Multivariate Time Series Anomaly Detection Using Graph Neural Network

This example uses:

This example shows how to detect anomalies in multivariate time series data using a graph neural network (GNN).

To detect anomalies or anomalous variables/channels in a multivariate time series data, you can use Graph Deviation Network (GDN) [1]. GDN is a type of GNN that learns a graph structure representing relationship between channels in a time series and detects anomalous channels and times by identifying deviations from the learned structure. GDN consists of four main components:

Node embedding: Generate learned embedding vectors to represent unique characteristics of each node/variable/channel.
Graph structure learning: Compute similarities between node embedding and use it to generate adjacency matrix representing learned graph structure.
Graph attention-based forecasting: Predict future values using graph attention.
Graph deviation scoring: Compute anomalous scores and identify anomalous nodes and time.

The components are illustrated in the figure below.

This example uses the human activity data, which consists of 24,075 time steps with 60 channels, for anomaly detection. The data set is not labeled with anomalies. Hence, the workflow described in this example is unsupervised anomaly detection.

Note: Training a GDN is a computationally intensive task. To make the example run quicker, this example skips the training step and loads a pretrained model. To instead train the model, set the doTraining variable to true.

doTraining = false;

Load Data

Load the human activity data. The data contains the variable feat, which is a numTimeSteps-by-numChannels array containing the time series data.

load humanactivity

View the number of time steps and number of channels in feat.

[numTimeSteps,numChannels] = size(feat)

numTimeSteps = 24075

numChannels = 60

Randomly select and visualize four channels.

idx = randperm(numChannels,4);
figure
stackedplot(feat(:,idx),DisplayLabels="Channel " + idx);
xlabel("Time Step")

Prepare Data for Training

Partition the data using the first 40% time steps for training.

numTimeStepsTrain = floor(0.4*numTimeSteps);
numTimeStepsValidation = floor(0.2*numTimeSteps);

featuresTrain = feat(1:numTimeStepsTrain,:);

Normalize the training data.

[featuresTrain,muData,sigmaData] = normalize(featuresTrain);

To predict future values, input observations to the graph attention-based forecasting model are historical time series data based on a sliding window. Specify a sliding window size of 10.

windowSize = 10;

Obtain predictors and targets for the training data using the processData function defined in the Process Data section of the example.
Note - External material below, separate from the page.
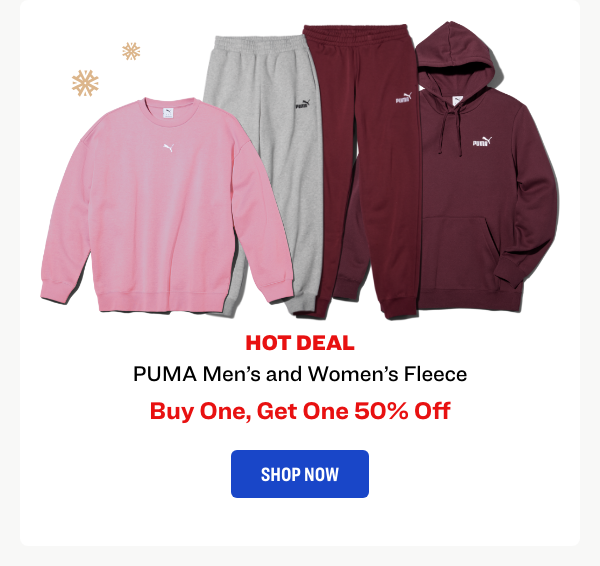 PUMA Fleece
The function processes the data such that each time step is an observation and the predictors for each observation are the historical time series data of size windowSize-by-numChannels, and the targets are the numChannels-by-1 data of that time step.

[XTrain,TTrain] = processData(featuresTrain,windowSize);

View the size of the predictors.

size(XTrain)

ans = 1×3

          10          60        9620

View the size of the targets.

size(TTrain)

ans = 1×2

          60        9620

To train using minibatches of data, create an array datastore for the predictors and targets and combine them.

dsXTrain = arrayDatastore(XTrain,IterationDimension=3);
dsTTrain = arrayDatastore(TTrain,IterationDimension=2);
dsTrain = combine(dsXTrain,dsTTrain);

Define Model

Define the model. The model takes as input the predictor X and outputs predictions of the future values Y.

The model generates an embedding for each channel in the predictor X.
The model uses the embedding as input to a graph structure operation to generate adjacency matrix representing relations between channels.
Using the predictors, generated embedding, and adjacency matrix as input to a graph attention operation, the model computes graph embedding.
Finally, the model uses ReLU activation, multiply operation, and two fully connected operations with a ReLU activation in between to compute predictions for each channel in the predictors.

Initialize Model Parameters

Define the parameters for the each of the operations and include them in a structure. Use the format parameters.OperationName.ParameterName, where parameters is the struct, OperationName is the name of the operation (for example "fc"), and ParameterName is the name of the parameter (for example, "weights").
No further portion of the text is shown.